Dr. Seth Mahoney is a brilliant neurosurgeon. He is blond, handsome and single. He has no trouble attracting women with one exception; he can’t get to first base with nurse Prudence Holloway. He asked her out about two minutes after being introduced, then about five minutes later and again and again and again. Perhaps one reason Prudence turned him down at first was that she was involved with someone else. But when that
someone ditched her upon discovering her accidental pregnancy and left her alone and pregnant and then a harried single mother, Prudence kept on saying no to Dr. Mahoney.
Then, one day Prudence runs into an old high school “friend” in the hospital. Said friend is just delighted to see Prudence again. Why Rachel Dubrowski Debbit can’t imagine how Prudence -- voted Most Irresponsible by her classmates -- ever managed to become a nurse. Rachel would have expected good old Prudence to find herself seduced and abandoned, a poor struggling single mother.
Overhearing Rachel’s snotty attack, Seth steps in and introduces himself as Rachel’s doctor husband and speaks fondly of their nine-month old son Tanner and their huge house in Cherry Hill and all of Prudence’s charitable activities. An astounded Rachel informs Prudence that she must bring her husband and son to the high school’s upcoming tenth reunion.
Prudence is actually touched by Seth’s unexpectedly coming to her rescue. She has every intention of telling Rachel the truth, but she just can’t bring herself to confess that Irresponsible Prudence has met all of her classmates low expectations. So she finally agrees with Seth’s plan that they attend the reunion together.
Of course, pretending to be husband and wife means that they have to really get to know something about each other. Prudence can no longer keep Seth at arms length. And Seth knows how to use those arms once he gets close enough.
Dr. Irresistible is full of Bevarly’s fast paced humor. She can be very funny and the repartee between Seth and Prudence often zings. But Bevarly also creates two interesting and complex characters with real fears and problems rooted in their pasts.

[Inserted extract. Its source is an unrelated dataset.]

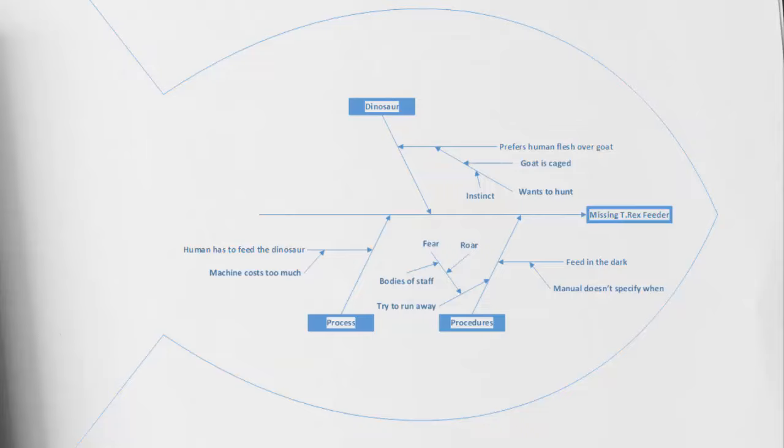We start off by looking at what is that first cause, and we can see that the T-Rex prefers human flesh over, let's say, a goat. Well, why is it that our T-Rex would prefer that human flesh over a goat? We could identify that our T-Rex wants to hunt, and we can see that perhaps the goat being caged and not actually being able to run away or not being able to have the same sense of fear. That could be the difference between a goat and a human.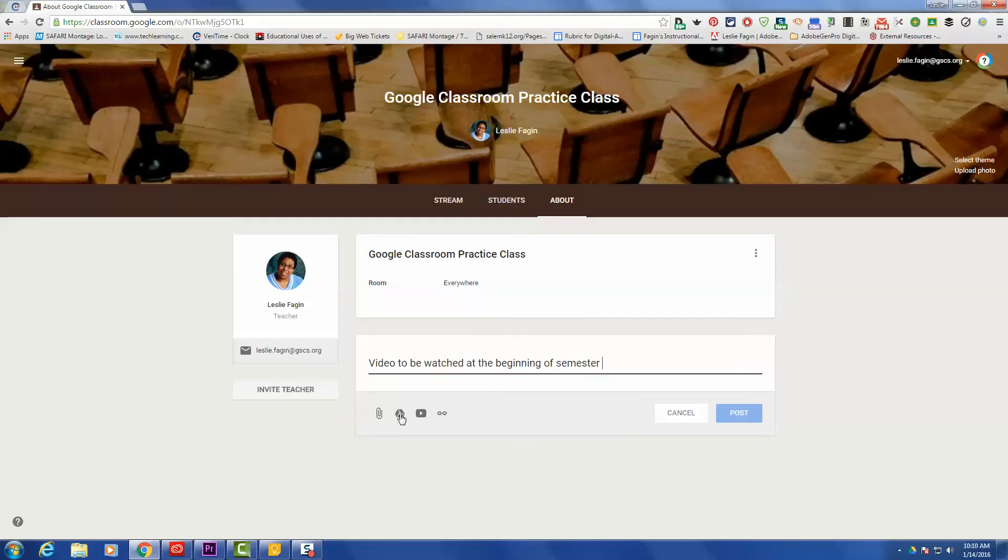The second one is the Drive icon. You can add anything that's in your Google Drive. You can add Google Documents, Sheets, images, and things like that. You cannot add Google Forms.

Seth represents what is becoming the prototypical contemporary romance hero: a man who just loves the heroine’s child and who will clearly be a marvelous father. As I have said before, the ubiquitousness of such a hero suggests something very profound about the hopes and fears of American women as the 21st century begins.
I must admit that Bevarly’s hospital setting is not very clearly developed. The reader can scarcely tell that the hero is a doctor and the heroine is a nurse. Seth seems to have a lot more free time and a lot fewer demands than most surgeons I know. In fact, Dr.
Irresistible is basically a two character story, with baby Tanner and nasty Rachel playing at most cameo roles. Still, I found Dr. Irresistible a fast-moving, enjoyable story.